Per Morandi furono molti invece i legami con l’arte passata: il Seicento in particolare lo influenzò. Ma si lasciò guidare anche dall’arte di Cézanne, che stimava moltissimo, Derain e Rousseau il Doganiere. Lo stile di Morandi ha inoltre qualcosa di comune con il purismo, ma forse è più sottile e intimo. Le composizioni dell’artista si indirizzarono all’utilizzo di oggetti e ambienti di vita quotidiani. I suoi dipinti divennero tenui nature morte con scatole, frutta, pani e vetri, oltre a tovaglie e a qualche fiore, a far da protagonisti. L’aura quieta e intensa delle sue nature morte rappresenta una meditazione sulla natura stessa degli oggetti.

Il pittore gioca con la nitidezza e il contrasto delle forme e dei volumi, ma mai cedendo a far diventare astratte le sue figure. Morandi rifuggiva le etichette e anche per questo preferiva concentrarsi sulla forma dei soggetti ritratti. Per quanto riguarda la tecnica, non si applicò solo all’olio su tela. L’artista si interessò molto anche alla produzione di stampe a incisione, attività iniziata presto, ma che conobbe un’impennata a cavallo degli anni Trenta. A parte la qualità altissima di questo aspetto del suo lavoro i fogli mostrano anche il grande impegno di Morandi per il segno grafico.

Entrò in gioco ben presto anche l’acquerello, grazie al quale i limiti degli oggetti e quindi la loro scansione sul foglio si collocarono fra diverse emulsioni del colore diluito. Pur riducendo all’essenziale gli oggetti, Morandi non trascurò mai il soggetto. Soggetto volutamente portato a estrema semplicità e spoglia quotidianità, come realtà apparentemente anonima. Lo sottolineò fino all’estremo limite della rappresentazione. E la cosa fu ancora evidente a partire dal secondo dopoguerra quando la struttura della composizione, gli spazi diradati, fecero pensare a esempi dell’astrattismo europeo e a Mondrian in particolare. Ma, come abbiamo detto, Morandi non amava le etichette e quindi forse non avrebbe apprezzato un accostamento, un paragone che lo incasellassero da qualche parte. E possiamo dire che questa sua “volontà” lo premiò con il successo.

Giorgio Morandi godette infatti di un buon successo di critica e in vita collezionò diversi premi.

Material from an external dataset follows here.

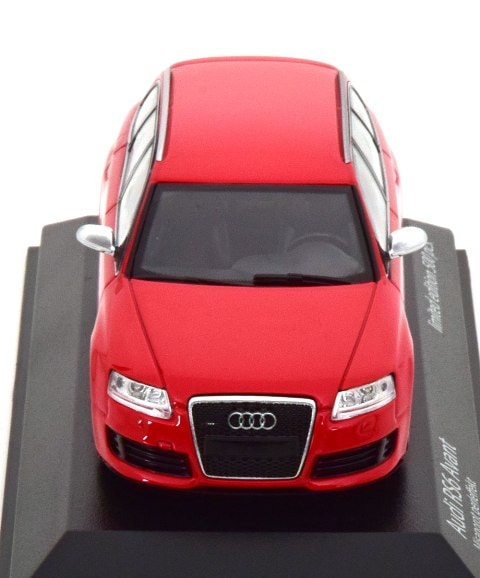 943 017213 MINICHAMPS 1:43 Audi RS6 Avant 2007 red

Nel 1939 vinse il secondo premio di pittura alla Quadriennale di Roma. Nel 1948 invece si aggiudicò il primo premio alla Biennale di pittura. Dopo la seconda guerra mondiale le sue opere meritarono grande rispetto tra i gioviani artisti italiani. Ma nonostante questi riconoscimenti, l’artista fu sempre a disagio di fronte all’attenzione scaturita dalle sue opere. Non dovete pensare però che Morandi sia stato un eremita, attenzione! L’artista fu sempre in contatto con importanti rappresentanti della cultura italiana. Dai rapporti giovanili con intellettuali come Bacchelli, Raimondi, Carrà e Soffici, al legame con Longanesi. Fino agli scambi con storici del rango di Longhi, Brandi e Arcangeli.

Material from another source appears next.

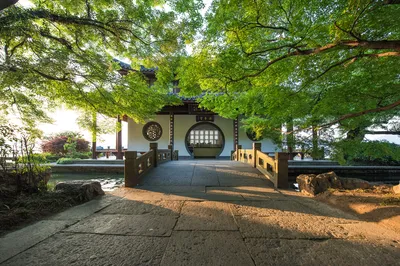 平湖秋月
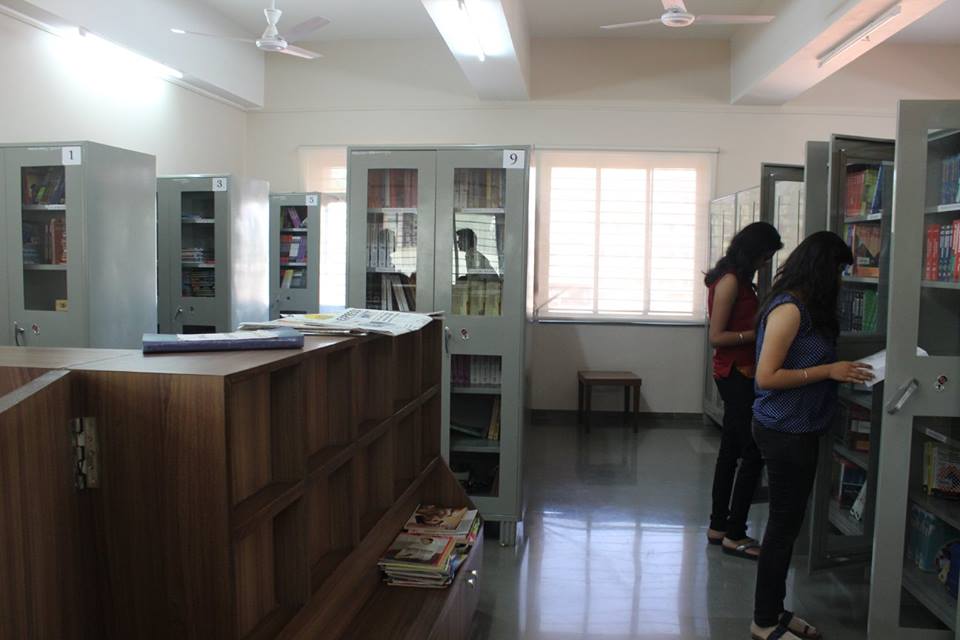 Maharashtra Education Societys Garware College of Commerce Library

L’essenza unica e peculiare della ricerca artistica di Morandi è tale da far sì che i suoi dipinti siano costantemente amati e apprezzati da pubblico e critica. Nel 1993, a trent’anni dalla sua morte, a Bologna è stato inaugurato il Museo Morandi, proprio dove c’era la casa atelier dell’artista. Oggi il museo contiene la più ricca collezione di opere di questo schivo, modesto e affascinante pittore. Infine ecco una sua citazione per salutarci. Qui Morandi parla di realtà e di astrattismo, due estremi fra i quali si collocano le sue delicate nature morte.
“Per me non vi è nulla di astratto: per altro ritengo che non vi sia nulla di più surreale, e di più astratto del reale”.
Scopri di più …
Questo post fa parte della rubrica #lopotevofareanchio, in cui se vuoi puoi esplorare l’arte contemporanea!
C.C.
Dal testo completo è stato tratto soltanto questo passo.